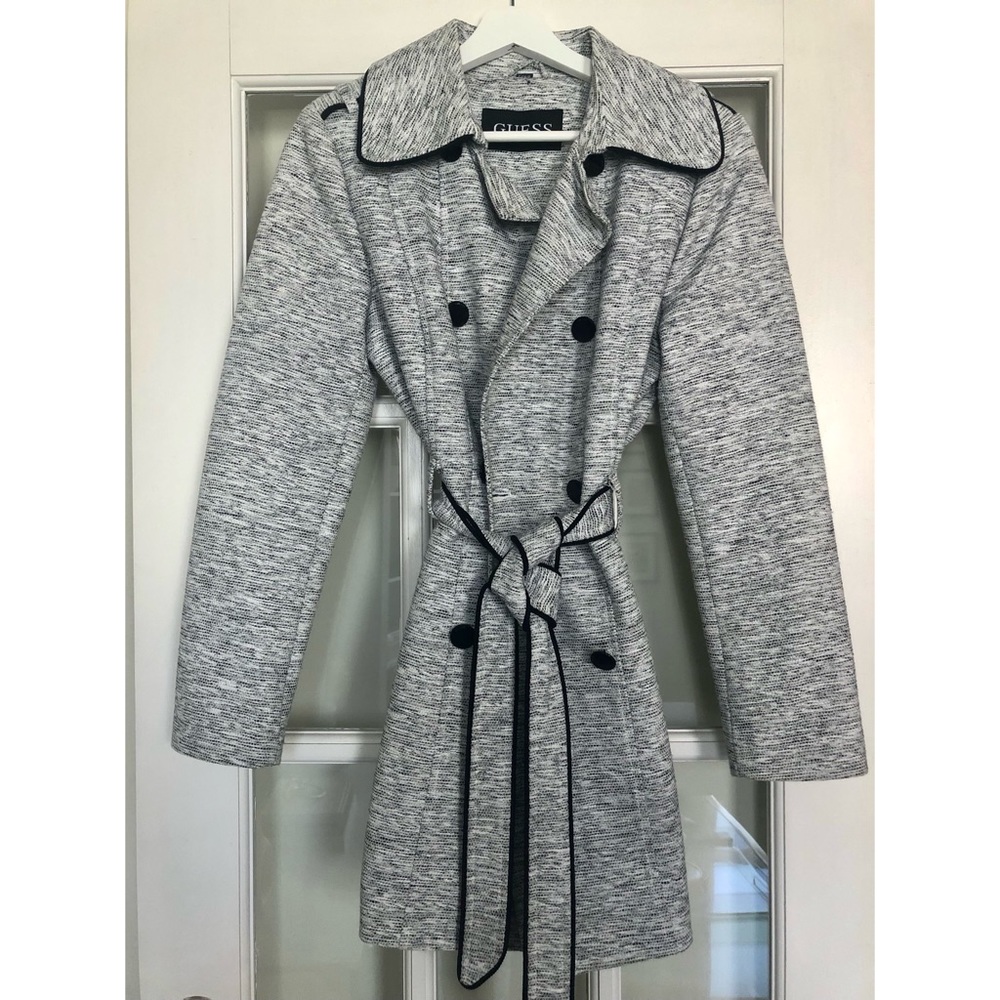 🔸 NEVER WORN Guess Belted Trench Coat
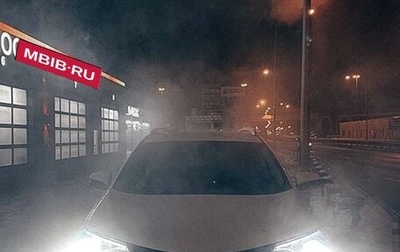 Toyota RAV4, 2015 год, 2 049 000 рублей, 1 фотография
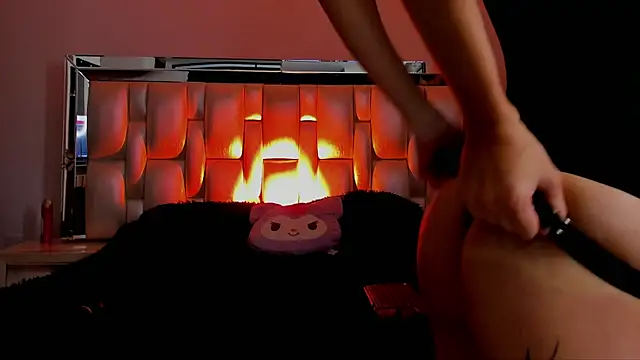 pauline rouge online show from November 11, 2025, 11:38 am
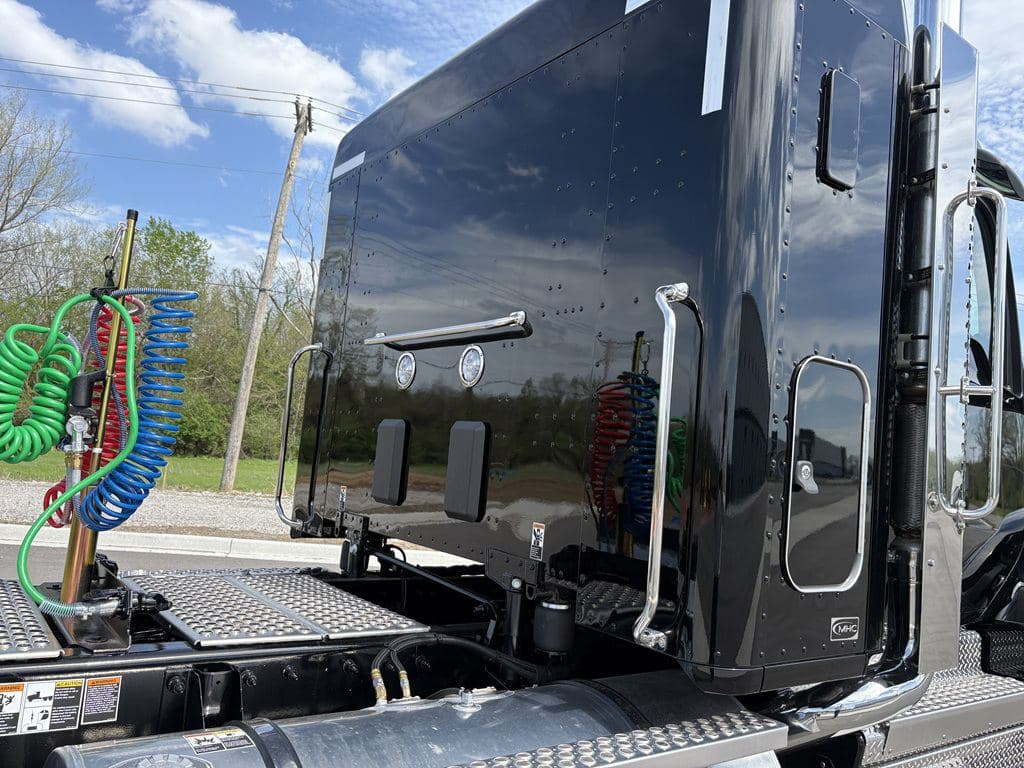 New 2027 KENWORTH T880 image 14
------------------------------------
Problem to solve —
From the line containing "pauline rouge online" down to the last line of the data above, transcribe exactly those lines and no others; omit the pictures.

Solution to this exercise —
 pauline rouge online show from November 11, 2025, 11:38 am
 New 2027 KENWORTH T880 image 14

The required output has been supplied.